[bash] How to split a large text file into smaller files with equal number of lines?

I've got a large (by number of lines) plain text file that I'd like to split into smaller files, also by number of lines. So if my file has around 2M lines, I'd like to split it up into 10 files that contain 200k lines, or 100 files that contain 20k lines (plus one file with the remainder; being evenly divisible doesn't matter).

I could do this fairly easily in Python but I'm wondering if there's any kind of ninja way to do this using bash and unix utils (as opposed to manually looping and counting / partitioning lines).

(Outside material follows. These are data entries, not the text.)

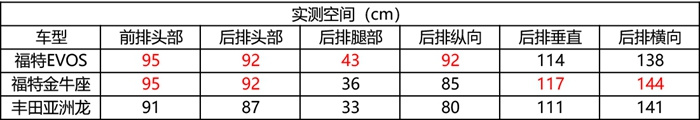 长安福特 EVOS首试：突边破界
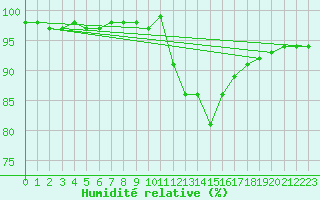 Courbe de l'humidit relative pour Beernem (Be)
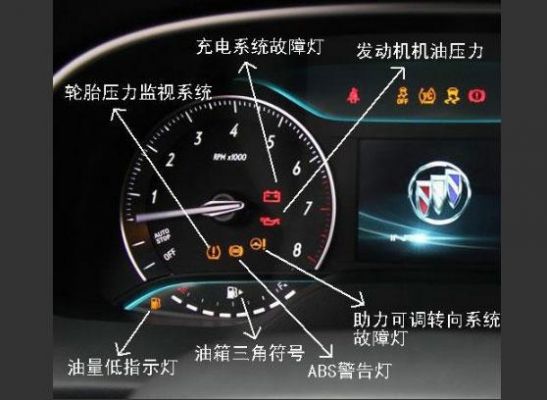别克英朗的仪表盘图解（别克英朗的仪表盘图解大全）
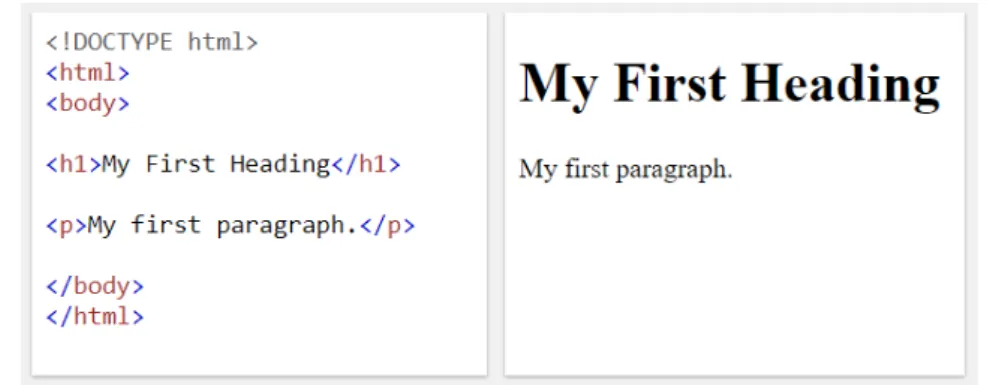 Figure 2.2 – Left: The markup structure of HTML; Right: The final result [54].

This question is related to bash file unix

The answer is


Yes, there is a split command. It will split a file by lines or bytes.

$ split --help
Usage: split [OPTION]... [INPUT [PREFIX]]
Output fixed-size pieces of INPUT to PREFIXaa, PREFIXab, ...; default
size is 1000 lines, and default PREFIX is `x'.  With no INPUT, or when INPUT
is -, read standard input.

Mandatory arguments to long options are mandatory for short options too.
  -a, --suffix-length=N   use suffixes of length N (default 2)
  -b, --bytes=SIZE        put SIZE bytes per output file
  -C, --line-bytes=SIZE   put at most SIZE bytes of lines per output file
  -d, --numeric-suffixes  use numeric suffixes instead of alphabetic
  -l, --lines=NUMBER      put NUMBER lines per output file
      --verbose           print a diagnostic just before each
                            output file is opened
      --help     display this help and exit
      --version  output version information and exit

SIZE may have a multiplier suffix:
b 512, kB 1000, K 1024, MB 1000*1000, M 1024*1024,
GB 1000*1000*1000, G 1024*1024*1024, and so on for T, P, E, Z, Y.

HDFS getmerge small file and spilt into property size.

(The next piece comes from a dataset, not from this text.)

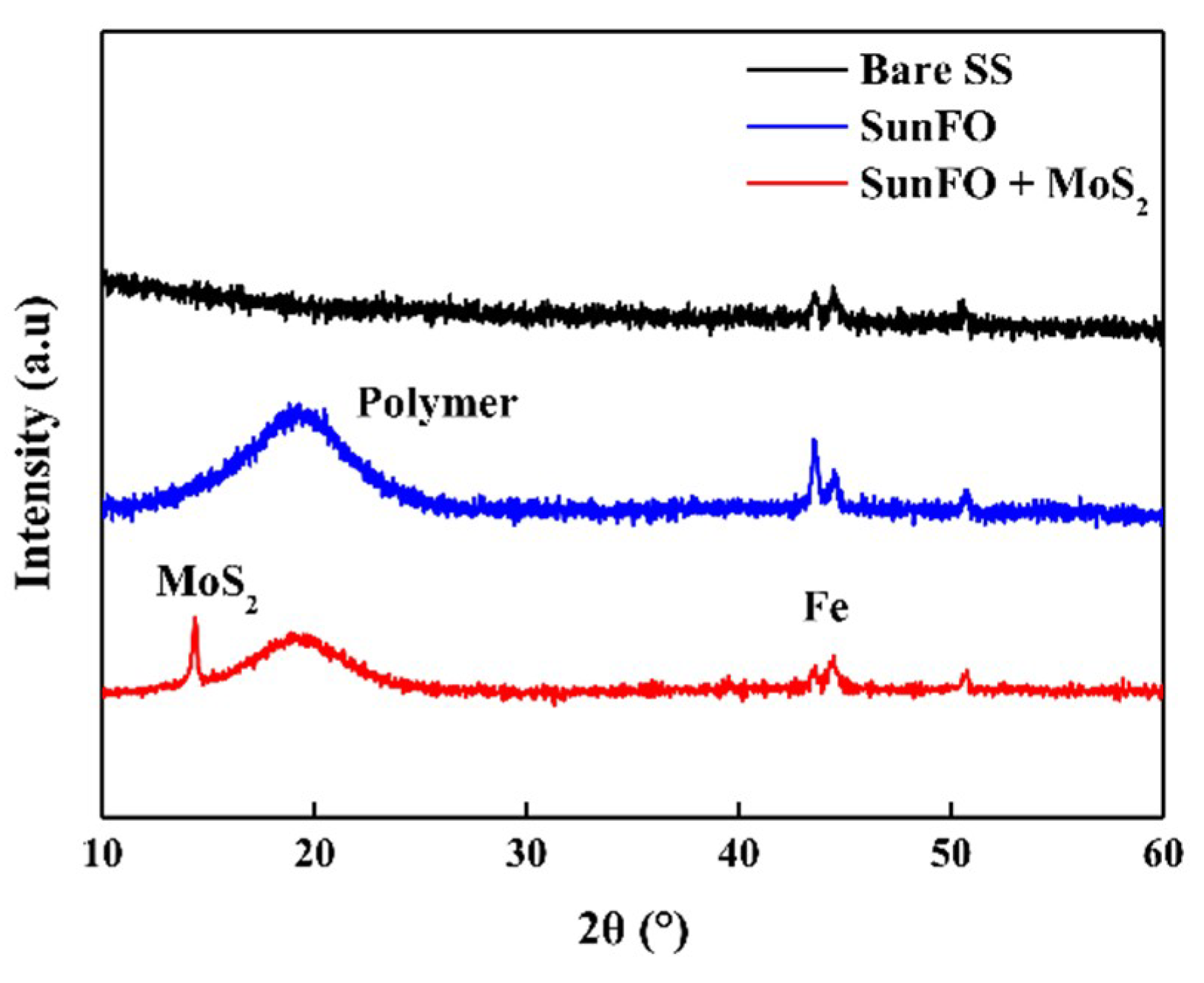 Coatings 09 00045 g005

This method will cause line break

split -b 125m compact.file -d -a 3 compact_prefix

I try to getmerge and split into about 128MB every file.

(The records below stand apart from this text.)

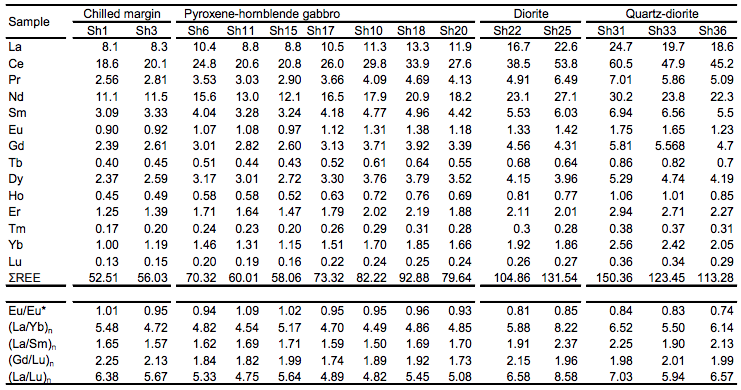 REE contents in the different rocks of the Shahira layered mafic intrusion, southern Sinai, Egypt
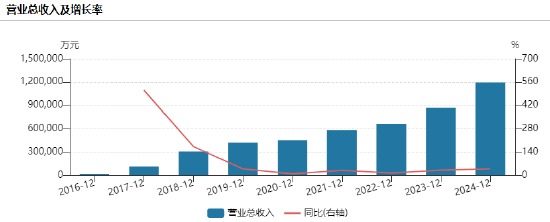 博泰配资 石头科技港交所递表：增收不增利，毛利率下滑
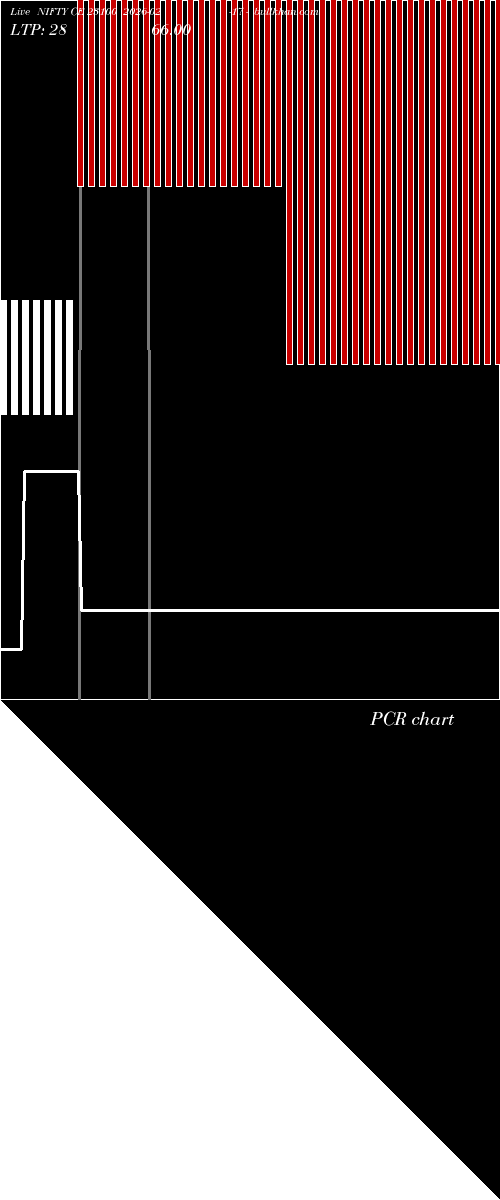  option chart NIFTY CE 23100 2026-02-17 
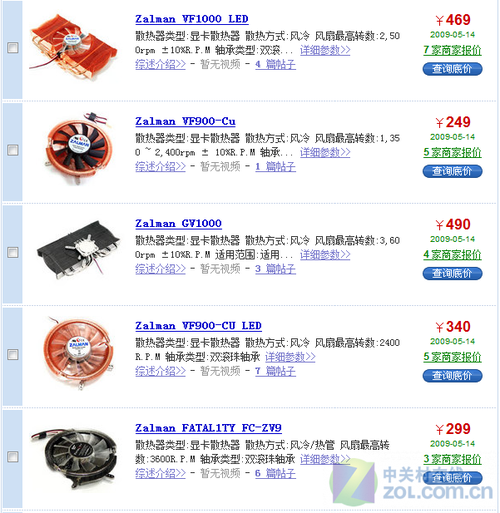 显卡大揭秘：各厂商gtx970性能对比，哪家散热更给力？  第6张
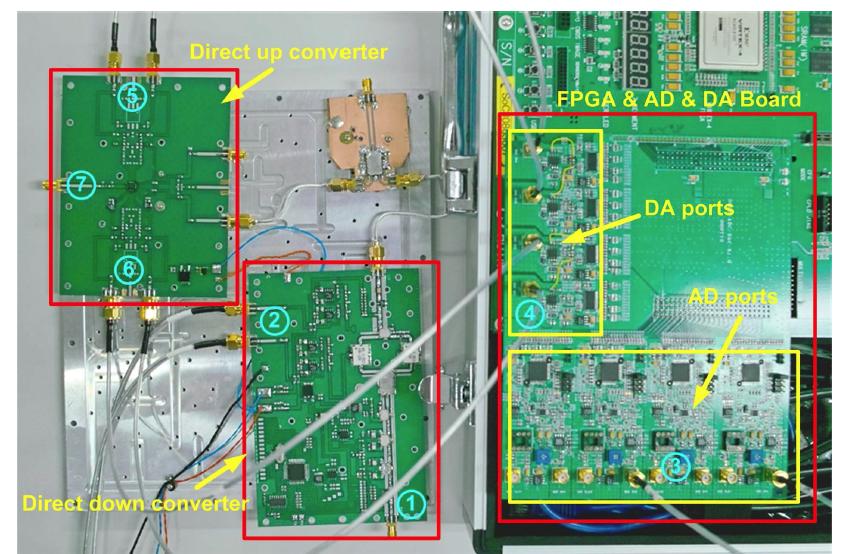 Direct up-down converter와 FPGA 연동 테스트 셋업 사진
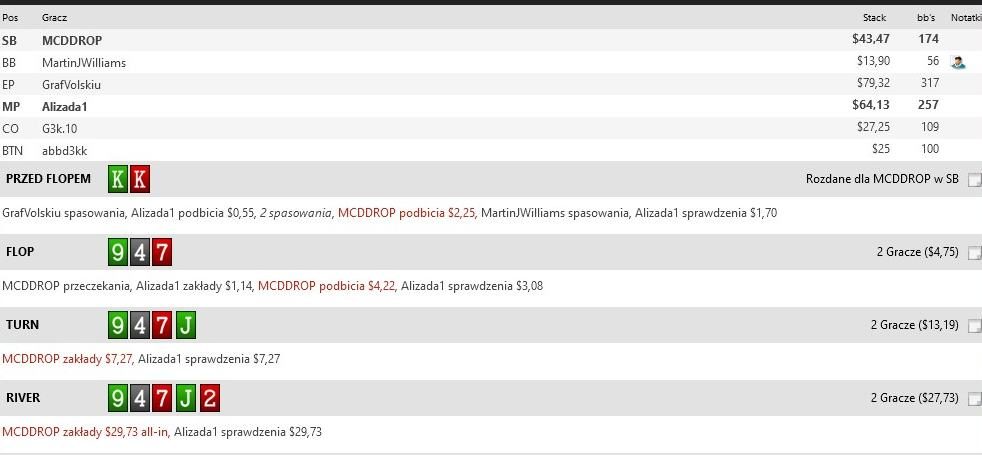 Sprawdzam - Analiza rozdania - river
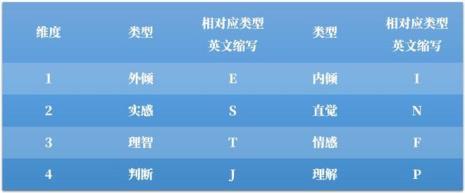 intj型人格女生的改变性格缺点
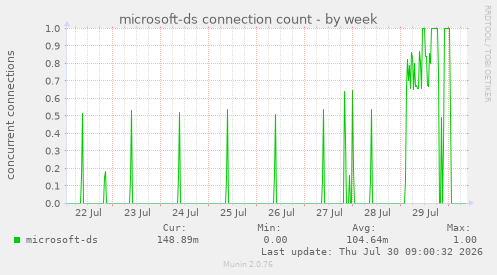 microsoft-ds connection count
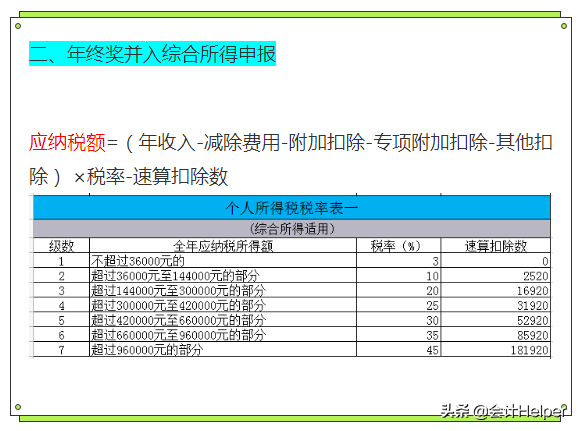 年终奖怎么算个税(2022年终奖最新税率表)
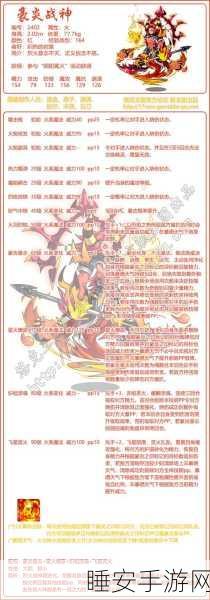 洛克王国战神崛起，不朽战神配招与属性深度揭秘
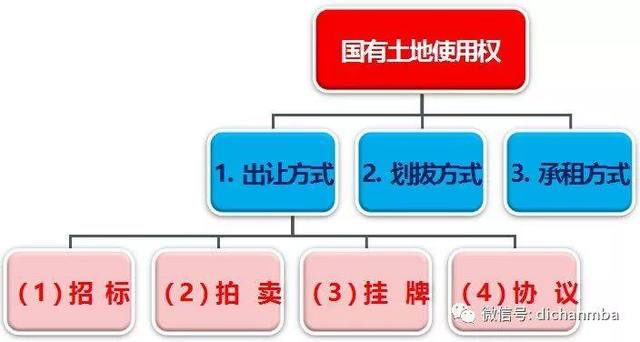 实用！房地产项目开发流程：7大专业、8个阶段、126个关键节点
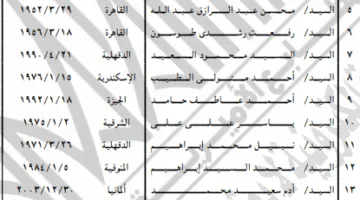قرار وزاري برد الجنسية المصرية لـ 42 مواطنًا | مستند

# split into 128m ,judge sizeunit is M or G ,please test before use.

begainsize=`hdfs dfs -du -s -h /externaldata/$table_name/$date/ | awk '{ print $1}' `
sizeunit=`hdfs dfs -du -s -h /externaldata/$table_name/$date/ | awk '{ print $2}' `
if [ $sizeunit = "G" ];then
    res=$(printf "%.f" `echo "scale=5;$begainsize*8 "|bc`)
else
    res=$(printf "%.f" `echo "scale=5;$begainsize/128 "|bc`)  # celling ref http://blog.csdn.net/naiveloafer/article/details/8783518
fi
echo $res
# split into $res files with number suffix.  ref  http://blog.csdn.net/microzone/article/details/52839598
compact_file_name=$compact_file"_"
echo "compact_file_name :"$compact_file_name
split -n l/$res $basedir/$compact_file -d -a 3 $basedir/${compact_file_name}

use split

Split a file into fixed-size pieces, creates output files containing consecutive sections of INPUT (standard input if none is given or INPUT is `-')

Syntax split [options] [INPUT [PREFIX]]

http://ss64.com/bash/split.html


split the file "file.txt" into 10000 lines files:

split -l 10000 file.txt

How about the split command?

split -l 200000 mybigfile.txt

split (from GNU coreutils, since version 8.8 from 2010-12-22) includes the following parameter:

-n, --number=CHUNKS     generate CHUNKS output files; see explanation below

CHUNKS may be:
  N       split into N files based on size of input
  K/N     output Kth of N to stdout
  l/N     split into N files without splitting lines/records
  l/K/N   output Kth of N to stdout without splitting lines/records
  r/N     like 'l' but use round robin distribution
  r/K/N   likewise but only output Kth of N to stdout

Thus, split -n 4 input output. will generate four files (output.a{a,b,c,d}) with the same amount of bytes, but lines might be broken in the middle.

If we want to preserve full lines (i.e. split by lines), then this should work:

split -n l/4 input output.

Related answer: https://stackoverflow.com/a/19031247


Use:

sed -n '1,100p' filename > output.txt

Here, 1 and 100 are the line numbers which you will capture in output.txt.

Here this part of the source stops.